É desesperador, e Fi não pode mentir. A sequência é dolorosa e intensa. Liam faz perguntas sobre a camisinha, sobre onde Jonas a tinha, sobre de quem foi a ideia de usá-la, e por fim pergunta de Fi o viu colocar, e quando ela diz que sim, ELE PEDE PARA VER. Isso expressa a doença humana, mas também expressa que NÃO PODEMOS ter esse tipo de tecnologia, porque é algo que um grande número de pessoas faria. E é preocupante. Era evidente que Ffion tinha realmente traído o marido e não tinha usado camisinha. Porque ela mente que apagou, mas se recusa a mostrar o espaço em branco, tenta apagar naquele momento e ele não deixa… e quando ele a obriga a colocar o momento na tela, é a destruição total do ser humano. Não há camisinha, aparentemente, e tudo o que Liam vê é a esposa sentindo prazer com outro homem, possivelmente gerando a filha que ele chama de sua.
E aquilo foi PERTURBADOR.
Termino o episódio, novamente, sentindo-me arrasado, com dor no peito, com vontade de chorar, tremendo de pura angústia.  Mas também é uma verdadeira obra de arte! Perturbador e angustiante?
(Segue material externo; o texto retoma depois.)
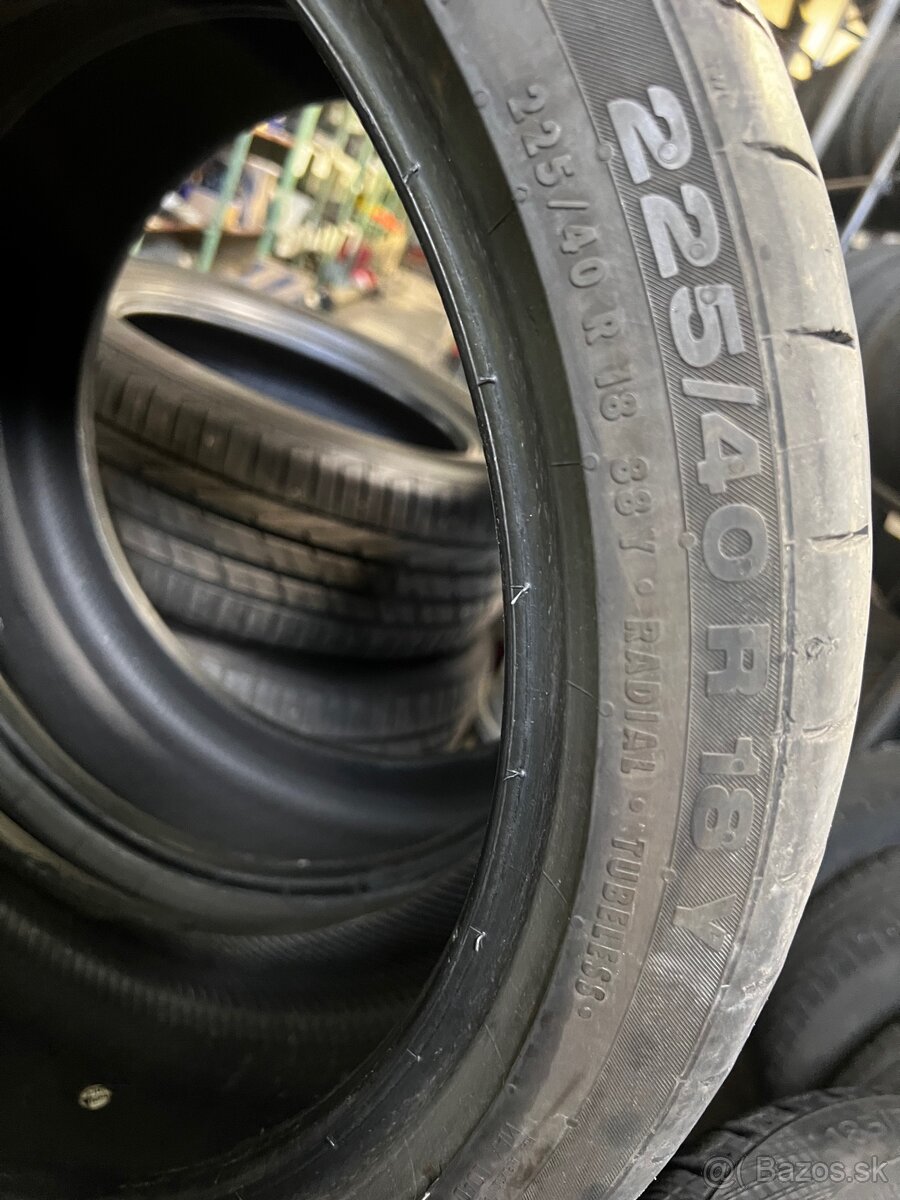 Pneumatiky - 6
Sem sombra de dúvidas! Mas “The Entire History of You” é uma das melhores obras de ficção que já assisti! Um episódio PESADO, com uma bela retratação do nosso destino caso sigamos o caminho que estamos seguindo… o episódio é doloroso e melancólico, e termina com Liam revivendo algumas de suas memórias boas com a esposa e com a filha, antes de ele mesmo cortar a parte de trás de sua orelha para arrancar o Banco de Memórias, depois de finalmente perceber o quanto aquilo era doentio, o quanto aquilo fazia mal e o quanto destruía a vida dele e de todos… era preciso fazê-lo. Era preciso seguir o conselho de “ser mais feliz” sem o Banco de Memórias. Foi angustiante de se assistir, mas talvez Liam vá ter uma nova vida agora. Provavelmente não ao lado de Fi, essa relação já foi destruída…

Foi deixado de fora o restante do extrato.